Supreme Court of Georgia
Nov 8, 2004
278 Ga. 596 (Ga. 2004)

Opinion

S04A1184.

DECIDED NOVEMBER 8, 2004.

Murder. Fulton Superior Court. Before Judge Bonner.

Cynthia W. Harrison, for appellant.

Paul L. Howard, Jr., District Attorney, Bettieanne C. Hart, Marc A. Mallon, Assistant District Attorneys, Thurbert E. Baker, Attorney General, Andrette Watson, Assistant Attorney General, for appellee.


A jury convicted William Harris of malice murder in the shooting death of Timothy Jones and aggravated assault in the shooting of Jones's sister, Natasha Jones. Harris appeals, contending that the trial court improperly seated an alternate juror. Because the trial court had good cause to seat the alternate juror, we affirm.
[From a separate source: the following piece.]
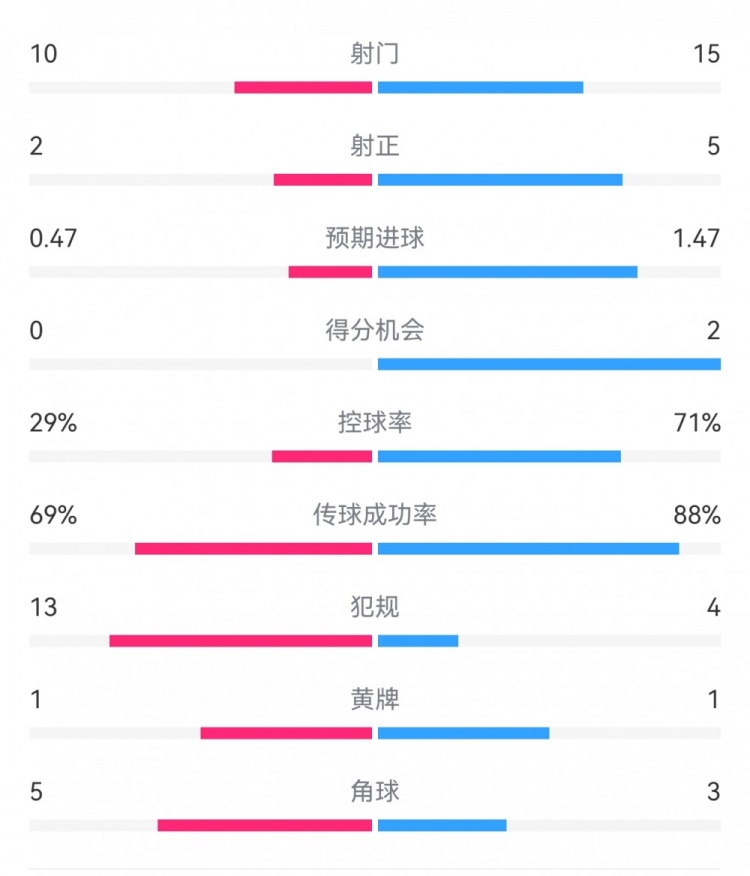 巴薩2-0拉帕數(shù)據(jù)：射門15-10，射正5-2，得分機會2-0，犯規(guī)4-13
The crimes occurred on June 16, 1998. Harris was indicted by a Fulton County Grand Jury on May 11, 1999 for malice murder, felony murder, and three counts of aggravated assault. A jury trial was held on August 7 through 10, 2000, and the jury acquitted Harris of one count of aggravated assault and convicted him on all other charges. The trial court sentenced Harris to life imprisonment for malice murder and a concurrent 20-year sentence for the aggravated assault on Natasha Jones. Harris filed a motion for new trial on September 6, 2000, which the trial court denied on May 14, 2003. Harris filed a notice of appeal on June 2, 2003, which was docketed in this court on March 23, 2004, and submitted for decision on the briefs.

The evidence at trial showed that Natasha Jones and another woman were involved in a fight, which Timothy Jones tried to break up. Harris witnessed the fight and became angry at Timothy and Natasha. After the fight broke up, Harris followed the victims, swore at them, and shot them. Harris contended that he acted in self-defense. After reviewing the evidence in the light most favorable to the jury's determination of guilt, we conclude that any rational trier of fact could have found Harris guilty beyond a reasonable doubt of the crimes for which he was convicted.
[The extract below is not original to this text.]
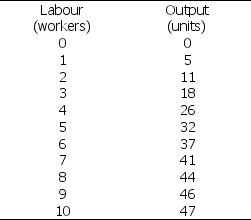 <strong>Use the table below to answer the following questions. Table 18.2.1   Refer to Table 18.2.1.If the firm can sell all the output it wants for the price of $5 a unit, what is the value of marginal product of the 6th worker?</strong> A)$20 B)$0 C)$25 D)$40 E)$185 <div style=padding-top: 35px>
Jackson v. Virginia, 443 U.S. 307, 319 (99 SC 2781, 61 LE2d 560) (1979).

1. Harris contends that the trial court erred in seating an alternate juror without good cause. The jury was empaneled on Monday, August 7, 2000 and opening statements and testimony began the morning of Tuesday, August 8. At the end of the day, the trial court instructed the jury to return at 12:00 noon Wednesday, August 9. One juror did not report as directed. At that time, the trial court told counsel that the missing juror had asked that she be excused on Thursday and Friday to attend a family wedding. The trial court told counsel that the juror had not been excused and the trial court was not inclined to excuse the juror. The trial court waited 30 minutes, and when the juror failed to appear, the trial court seated an alternate juror, over the defendant's objection. Pursuant to OCGA § 15-12-172, a trial court may seat an alternate juror "upon other good cause shown." The fact that a juror failed to appear as instructed for continuation of evidence is sufficient good cause for the seating of an alternate juror. The trial court was not required to hold the trial in abeyance while the missing juror was located. Accordingly, the trial court did not abuse its discretion in seating an alternate juror.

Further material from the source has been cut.